Nissan Versa, 2014–2018
- Nissan redesigned its Versa into a second generation in 2012. That initial model was a sedan, and a Nissan followed up with a Versa Note hatchback in 2014. Both boast a spacious interior and an efficient engine, but performance is modest.
- Among the few potentially serious problems is something called piston slap. This occurs when the piston moves side to side in its cylinder. When it’s bad enough, you might hear a knocking sound from the engine, especially right after it is started cold. Nissan has replaced a small number of engines under warranty because of this.
- A certain amount of piston slap is okay, but extreme cases can cause the engine to consume oil. Check the oil level before you start the car; if it’s low, this could also be a sign of a neglected car.
- Piston slap is not a widespread concern, but worth listening for before you set out on a test drive. Issues like this demonstrate the importance of starting your test drive in a cold car. If the seller has warmed it up for you, they may have something to hide.
- Another potential issue is a faulty electronic throttle body. This is the prime suspect if the car goes into “limp” mode, accelerates very slowly, and won’t go past about 40 km/h. If your Versa does this, a mechanic can connect the car to a diagnostic computer for clues.
Toyota Yaris, 2006–2011 and 2012–2017
Toyota introduced the Yaris in 2006 to replace the Echo, and then redesigned it in 2012.
- In those earlier cars, the bolts that secure the front suspension control arms to the frame are prone to corrosion and breakage. Clunking noises from the front end are the giveaway.

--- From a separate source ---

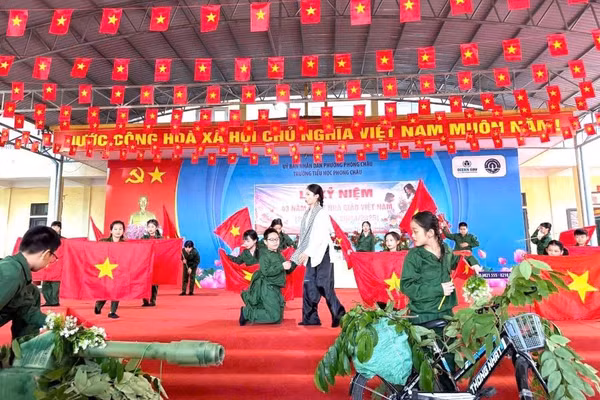 Trường Tiểu học Phong Châu tổ chức hoạt động trải nghiệm cho HS.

- Some owners describe an erratic idle. It appears to be a common issue, but without an obvious cause.
- Later models have the Bluetooth hands-free phone system. Try pairing your phone to the car during your test drive; some owners say they have trouble connecting older smartphones.
- Yaris water pumps are a common failure point. If it fails, count on it to spray engine coolant on the underside of the hood. This is more common in the older generation but was a known issue in a variety of Toyota models through the 2000s.